Actions for Azure VMs

Turbonomic supports the following actions:

  • Scale

    Change the VM instance to use a different instance type or tier to optimize performance and costs.

    See additional information for scale actions.

  • Discount-related actions

    If you have a high percentage of on-demand VMs, you can reduce your monthly costs by increasing Azure reservations coverage. To increase coverage, you scale VMs to instance types that have existing capacity.

    If you need more capacity, then Turbonomic will recommend actions to purchase additional reservations.

    Purchase actions should be taken along with the related VM scaling actions. To purchase discounts for VMs at their current sizes, run a Buy VM Reservation Plan.

  • Stop and start (also known as 'parking' actions)

    Stop a VM for a given period of time to reduce your cloud expenses, and then start it at a later time.

    For details, see Parking: Stop or Start Cloud Resources.
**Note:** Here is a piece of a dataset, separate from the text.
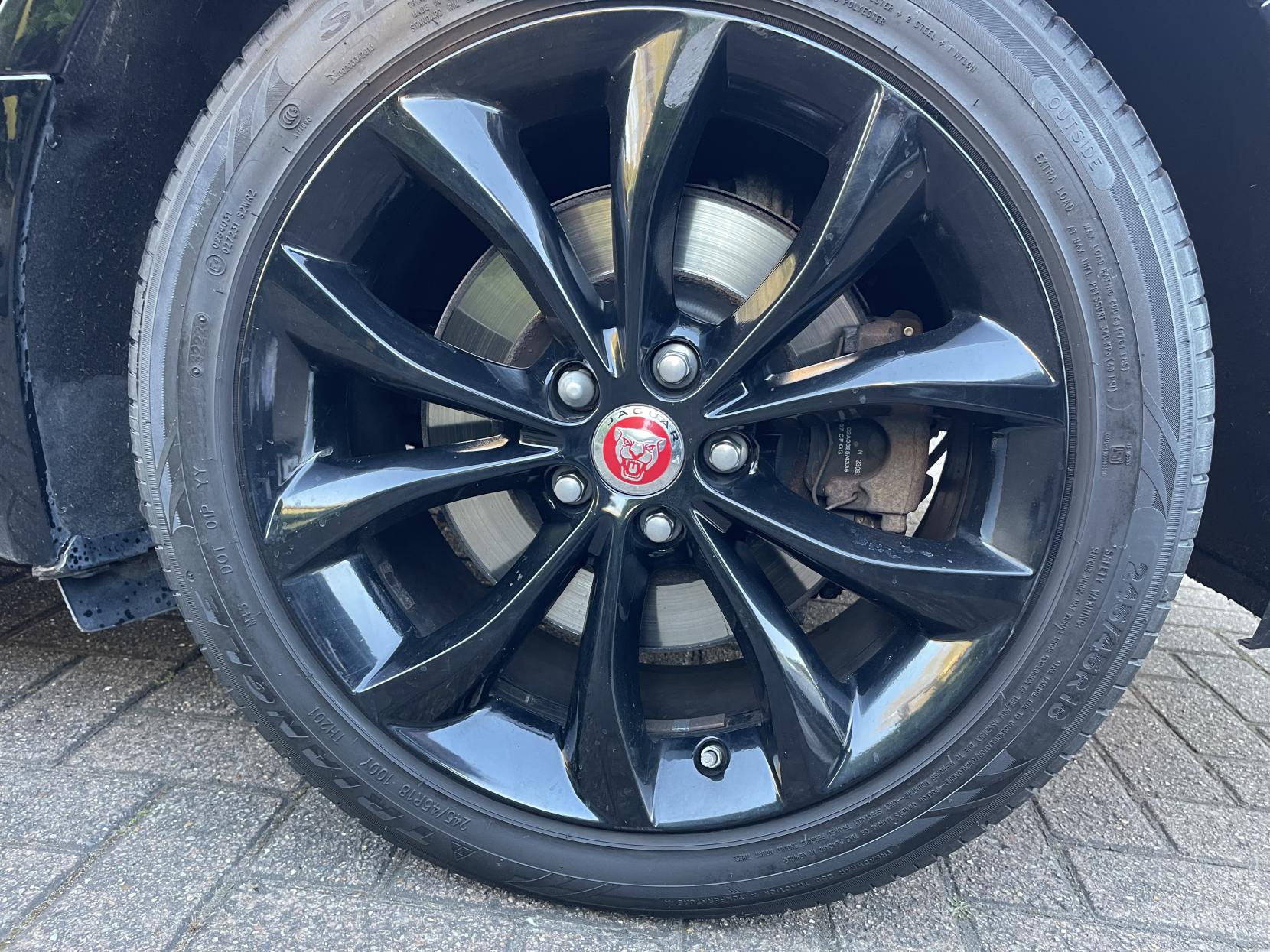 Jaguar XF 2.0d R-Sport Saloon 4dr Diesel Auto Euro 6 (s/s) (180 ps)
Controlling scale actions for Azure VMs

For scale actions, you can create policies to control the scale actions that Turbonomic recommends. In those policies, choose from the following options:

  • Cloud scale all – execute all scaling actions

  • Cloud scale for performance – only execute scaling actions that improve performance

  • Cloud scale for savings – only execute scaling actions that reduce costs

The default action acceptance mode for these actions is Manual. When you examine the pending actions, only actions that satisfy the policy are allowed to execute. All other actions are read-only.

When policy conflicts arise, Cloud scale all overrides the other two scaling options in most cases. For more information, see Default and User-defined Automation Policies.

Supported instance types for Azure VM scale actions

In the user interface, you can view the instance types that Turbonomic currently supports.

  1. Navigate to Settings > Policies.

  2. In the Policy Management page, search for and click Virtual Machine Defaults.

  3. In the Configure Virtual Machine Policy page:

    1. Scroll to the end of the page.

    2. Click Add Scaling Constraint.

    3. Choose Cloud Instance Types.

    4. Click Edit.

Expand an instance family to see individual instance types and the resources allocated to them. An example of an instance family is B-series.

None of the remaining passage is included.